If the State Cages You
If you’ve never been to prison, you have no idea what prison is like. No matter how many episodes of Orange Is the New Black you’ve binge-watched, the experience of life behind bars is basically unfathomable to those of us who have only ever known freedom. So when first-time offenders find themselves locked up, they enter the system not knowing what to expect, how to behave, or how to keep themselves safe.
Last week, The Marshall Project published a pair of extraordinary 20-minute videos about what inmates must do in order to avoid becoming victims of sexual abuse. The videos, which were produced through a federal grant under the Prison Rape Elimination Act of 2003, will be shown in institutions across New York state and feature incredibly detailed advice from inmates, some of whom have been sexually assaulted, about how to protect oneself from predators while incarcerated.

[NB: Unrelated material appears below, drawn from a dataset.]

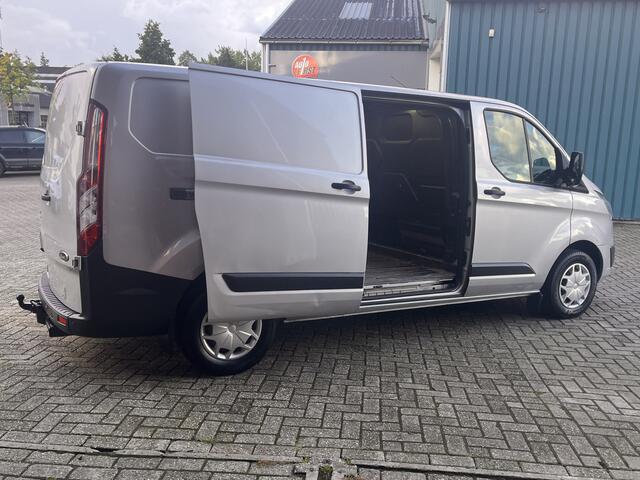 Ford TRANSIT CUSTOM 290 2.2 101Pk TDCI L2H1 Trend / Cruise / Airco / Navi / Trekhaak / Apk t/m 29-09-2024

“You might find a pack of cigarettes or a candy bar or something on your bed—don’t eat it,” one inmate says. “Take it off your bed, put it in front of your cell and just leave it as it is. Because if you take that, that can be a debt that you can’t pay back. It might cost you $1,000 … and if you can’t pay back the debt, then they’ll want other things.”
Another inmate weighs in on shower protocol: “A predator will use the shower as an opportunity to get close; don’t let him,” he says. “Never have a conversation with an inmate in an adjacent shower and do not accept T-shirts, boxers, shower slippers, or soap items from another inmate; those are sure signs of a predator that’s getting too close.”
To watch these videos, which were directed by prison rape survivor T.J. Parsell, is to gain a visceral appreciation of how intensely stressful and confusing it must be for newcomers to navigate prison life. Parsell, however, is not the first person to address this reality. It turns out that prison survival guides aimed at nervous, naive new inmates constitute a fairly robust genre.